I might take them outside or to the car or even into a bathroom where we wouldn’t be bothered. The assumption was made more than once that I was taking my child away to spank or threaten them. Eyebrows would raise. Conversations would stop. I even heard the occasional (sickening) “Get ’em, mama!”

Of course, I was removing my child either because our preset consequences called for it or because I knew my child needed a moment away from the chaos.

Gentle discipline done right can look pretty cold in comparison to the fiery parenting norms of threatening, shaming, yelling at, and hitting children.

Gentle Discipline Gets to the Heart of the Matter

There are many reasons why young children show up at the soccer complex in a foul mood. They could be hungry, tired, or overstimulated. Frankly, they might hate playing soccer but are being pushed into by a parent. They may have had a bad day at school or have just witnessed an intense argument between their parents or siblings. They may be coming down with a cold or have eaten a junky diet that day.

Who knows? I can only assure you that my children were never in a bad mood because they wanted to show me how bratty they could be. There was always a reason for their inappropriate behavior.

Gentle discipline seeks to understand the cause of undesirable behavior. Getting to the heart of a child’s upset will lead you to a solution that will prevent undesirable behavior in the future. Isn’t that the goal?

Sometimes you have to remove your child from the situation to get to the bottom of the solution. Yelling, threatening, shaming, and hitting don’t help you or your child figure out what’s really going on.

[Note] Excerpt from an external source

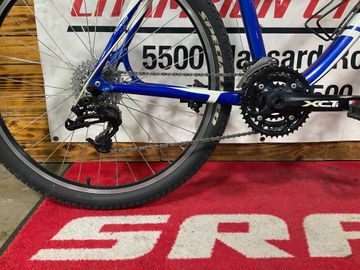 Gebrauchtes Specialized Hardrock 2011 2011 Mountainbike, Blau, 26 — Bild 2 von 3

Tenderhearted Mamas, Fear Not

While I eventually got the reputation as a mom who took discipline seriously because I refused to do my disciplining in front of others, the truth is that I was once a tenderhearted mom who was worried that setting strong boundaries and behavior expectations would hurt my child psychologically.

If you’re an attachment parenting mama who has trained herself to always consider her child’s point of view, you may struggle to avoid permissive parenting. It took time for me to overcome the authoritarian/permissive discipline swing and get on a even keel of gentle discipline. (Gentle parenting is not permissive parenting.)

Rest assured that discipline is not a dirty word. Gentle discipline gives your child clear guidelines for how to get her needs met and for how to handle big emotions. Gentle discipline doesn’t seek to simply turn off bad behavior instantly without bothering to go deeper for solutions to that behavior in the future.

How to be Sure You’re Using Gentle Discipline

Make no mistake – gentle discipline is hard work. Gentle discipline requires a lot from parents. Gentle discipline is not some airy-fairy, earth mama, non-coercive discipline thing.

The ‘gentle’ in gentle discipline refers to the way you keep your cool under pressure, respond to your child with patience, and see their misbehavior as an expression of unmet needs and not their evil plan to take you down one tantrum at a time.

If your intention while disciplining your child is to help them learn to properly express their emotions, help you and others understand their needs, and come up with solutions to prevent bad behavior in the future then you’re on the right track.

When you choose to use discipline methods that shut down your children, temporarily stop misbehavior, shame your children, or give you an outlet to express your big feelings about their behavior in a violent way (yelling, hitting, etc) then you’re not on the gentle discipline path.